COVID: Japan considers resuming tourism discount

People wearing face masks due to COVID-19 travel on a Setagaya Line tram decorated with "maneki-neko" or beckoning cat statue images in Tokyo on Jan 30, 2022. (PHILIP FONG / AFP)

MANILA / NEW DELHI / SEOUL / TOKYO / YANGON – Japan's government is considering resuming a national travel discount campaign as soon as late this month to help the tourism industry recover from a COVID-19 slump, the Nikkei newspaper said on Saturday.

A revived "Go To Travel" campaign would likely serve as a core measure to stimulate consumer demand, the business daily reported, without citing sources. Japan is set to ease border controls to let foreign tourists in from July 10 as coronavirus infections ease.

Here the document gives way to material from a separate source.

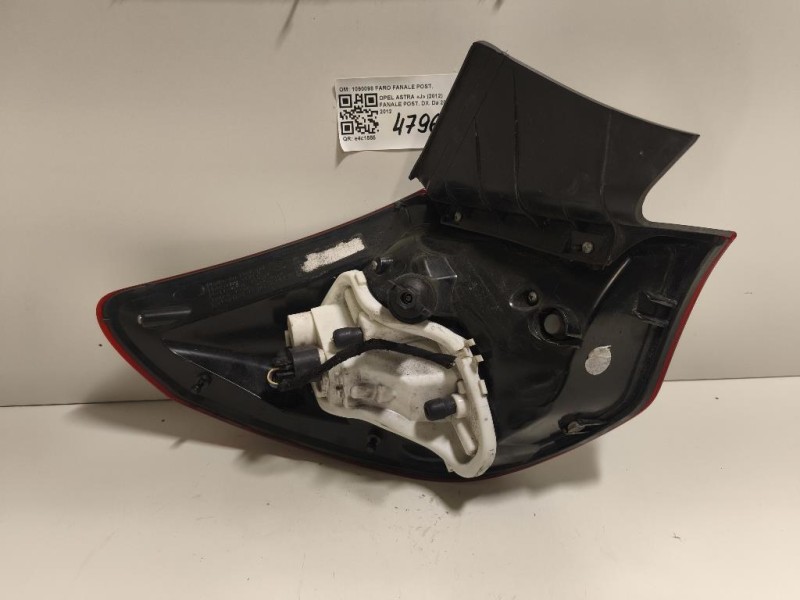 Fanale POST DX 1090098 FARO FANALE POST Opel Astra J 2012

The government will decide on the campaign soon, the Nikkei said, without specifying time.

Officials at the Japan Tourism Agency could not immediately be reached for comment outside business hours.

The campaign, rolled out in July 2020 just as COVID was gaining strength, subsidized half of the travel expense, up to 20,000 yen ($150) a night, for each traveler.

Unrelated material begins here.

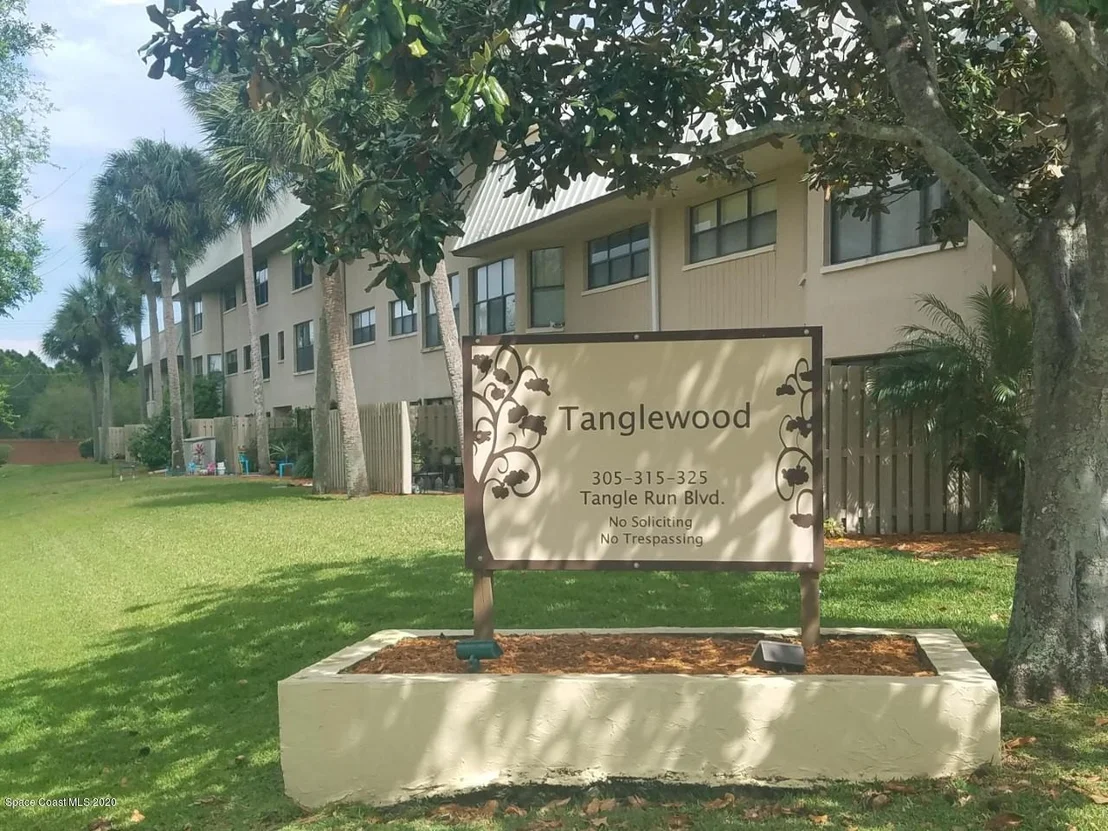 Photo of Unit 1225 at 305 Tangle Run Boulevard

The program helped boost tourism but was shelved five months later as the pandemic surged.

The DPRK

The Democratic People’s Republic of Korea reported some 79,100 more people with fever symptoms and one additional death amid its first-confirmed coronavirus outbreak, state media KCNA said on Saturday.

The total number of fever patients compiled across the country since late April neared 4 million, and the death toll rose by one to 71, KCNA said, using data from the state emergency epidemic prevention headquarters.

KCNA has said the epidemic has shown signs subsiding, after daily tallies of fever cases topped 390,000 two weeks ago.

A security guard sanitizes the hands of students as a preventive measure against the spread of the COVID-19 coronavirus at the entrance of the National Institute of Design in Ahmedabad on May 8, 2022. (SAM PANTHAKY / AFP)

India

India's federal health ministry on Friday asked five states to monitor the COVID-19 situation and continue testing amid concerns over the resurgence of cases in the country.

The states included Tamil Nadu, Kerala, Telangana, Karnataka and Maharashtra.

"There is a need to follow a risk assessment-based approach on the public health responses without losing the gains made so far in the fight against the pandemic," federal health secretary Rajesh Bhushan wrote in a letter to these states. "It is essential that the state must maintain a strict watch and take pre-emptive actions if required to control any emerging spread of infection."

Additionally, the health ministry also asked them to monitor all influenza-like illness (ILI) and severe acute respiratory illness (SARI) cases, so that the infection spread can be tracked effectively.

According to the data being provided by the states to the federal government, 11 districts in Kerala, two districts in Chennai, six districts in Maharashtra, Bengaluru Urban in Karnataka and Telangana are once again witnessing surging COVID-19 cases and positivity rates.

Myanmar

Myanmar kicked off its vaccination drive for the children aged five to 12 years old at schools across the country on Thursday, state-run television channel MRTV reported.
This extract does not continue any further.